In 1992 he registered for a part-time PhD, which was awarded in 1997.

==Career and research==
In 1996 he moved to the robotics research group at the Department of Engineering Science, University of Oxford, working with Andrew Zisserman, and in 1998 their work on Structure from motion, jointly with Phillip Torr, was awarded the International Conference on Computer Vision Marr Prize. This work led to the foundation of the company 2d3 in 1999, and the product "boujou", which won a Primetime Emmy Award for technical achievement.
In 1999, he was awarded a Royal Society University Research Fellowship, and continued to work with Zisserman.
Their work on applying machine learning to image-based rendering (with Yonatan Wexler) led to the award in 2003 of a second conference paper Marr Prize.
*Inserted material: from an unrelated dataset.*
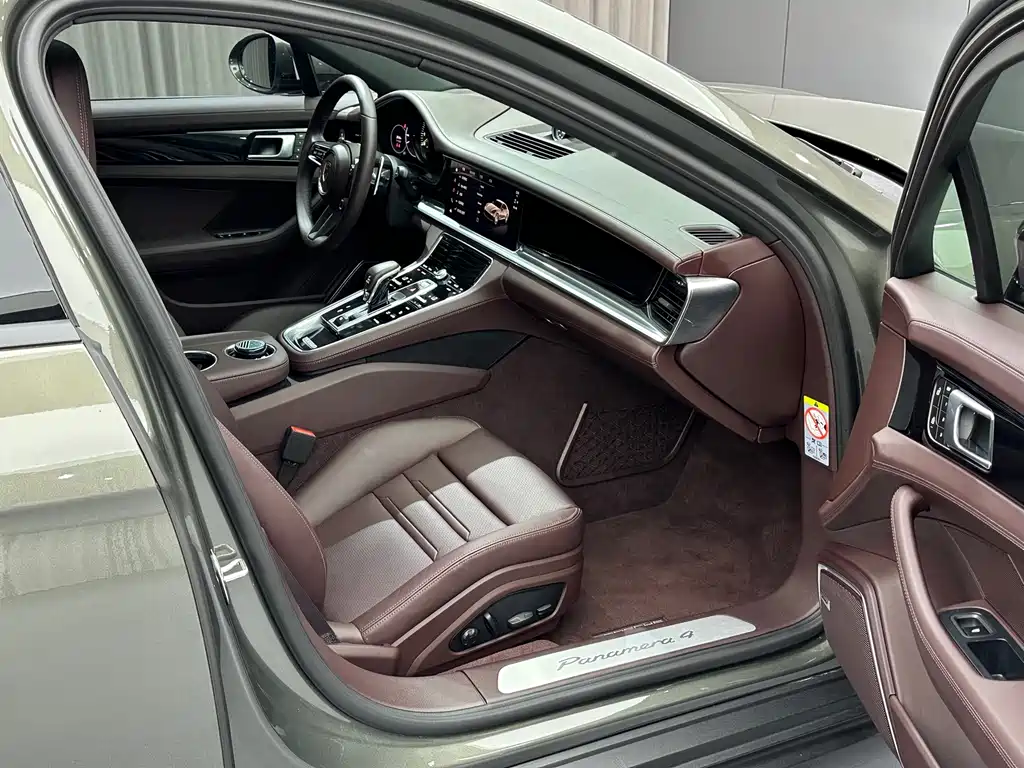 Porsche Panamera Hybrid — миниатюра 28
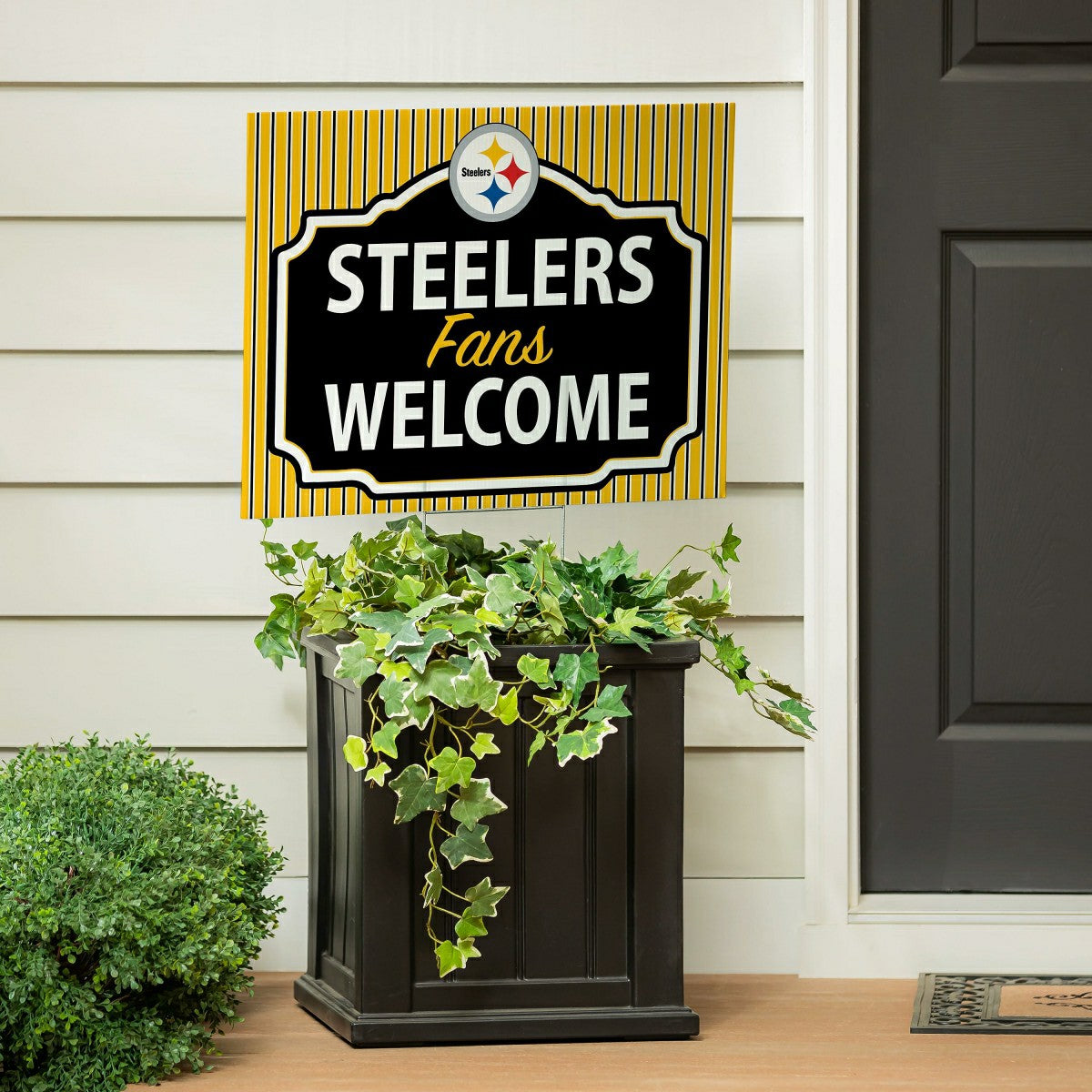 Pittsburgh Steelers Coroplast Yard Sign, "Fans Welcome", NFL, Home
In 2005, he moved to Microsoft Research, and began work on human body tracking, and later contributed to the group development of the machine learning component of the human motion capture software in the Kinect system. This group work was honoured with the MacRobert Award of the Royal Academy of Engineering for Microsoft Cambridge team in 2011.

Since 2022, he has worked at Graphcore.

==Awards and honours==

- Marr Prize, Conference Paper Prize, 1998, 2003.
- Technology & Engineering Emmy Award, 2001, for boujou.
- British Computer Society Roger Needham Award, 2006.
- Fellow of the British Computer Society, 2012.
- Fellow of the International Association for Pattern Recognition, 2012.
- Silver Medal, Royal Academy of Engineering, 2013.
- Fellow of the Royal Academy of Engineering, 2014.
- British Machine Vision Association (BMVA) Distinguished Fellow, 2017.
- Fellow of the Royal Society, 2024.